::: Data records

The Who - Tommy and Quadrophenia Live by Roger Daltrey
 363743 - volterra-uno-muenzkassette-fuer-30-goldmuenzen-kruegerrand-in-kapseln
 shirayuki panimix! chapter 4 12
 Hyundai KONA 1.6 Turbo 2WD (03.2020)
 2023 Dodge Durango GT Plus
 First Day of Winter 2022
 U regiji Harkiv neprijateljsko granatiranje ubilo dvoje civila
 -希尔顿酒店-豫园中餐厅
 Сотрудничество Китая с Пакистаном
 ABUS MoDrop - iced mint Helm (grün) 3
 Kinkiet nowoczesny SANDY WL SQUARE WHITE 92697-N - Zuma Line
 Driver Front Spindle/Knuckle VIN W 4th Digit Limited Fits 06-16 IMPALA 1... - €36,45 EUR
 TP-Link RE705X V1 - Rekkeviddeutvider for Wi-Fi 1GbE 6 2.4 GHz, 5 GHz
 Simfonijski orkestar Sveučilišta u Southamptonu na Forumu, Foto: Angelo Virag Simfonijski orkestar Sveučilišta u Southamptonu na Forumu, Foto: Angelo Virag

::::::

Every line from the one containing "Сотрудничество Китая с Пакистаном" through the end of the entries above must be echoed exactly, with both ends kept.

=== Response to the task ===
 Сотрудничество Китая с Пакистаном
 ABUS MoDrop - iced mint Helm (grün) 3
 Kinkiet nowoczesny SANDY WL SQUARE WHITE 92697-N - Zuma Line
 Driver Front Spindle/Knuckle VIN W 4th Digit Limited Fits 06-16 IMPALA 1... - €36,45 EUR
 TP-Link RE705X V1 - Rekkeviddeutvider for Wi-Fi 1GbE 6 2.4 GHz, 5 GHz
 Simfonijski orkestar Sveučilišta u Southamptonu na Forumu, Foto: Angelo Virag Simfonijski orkestar Sveučilišta u Southamptonu na Forumu, Foto: Angelo Virag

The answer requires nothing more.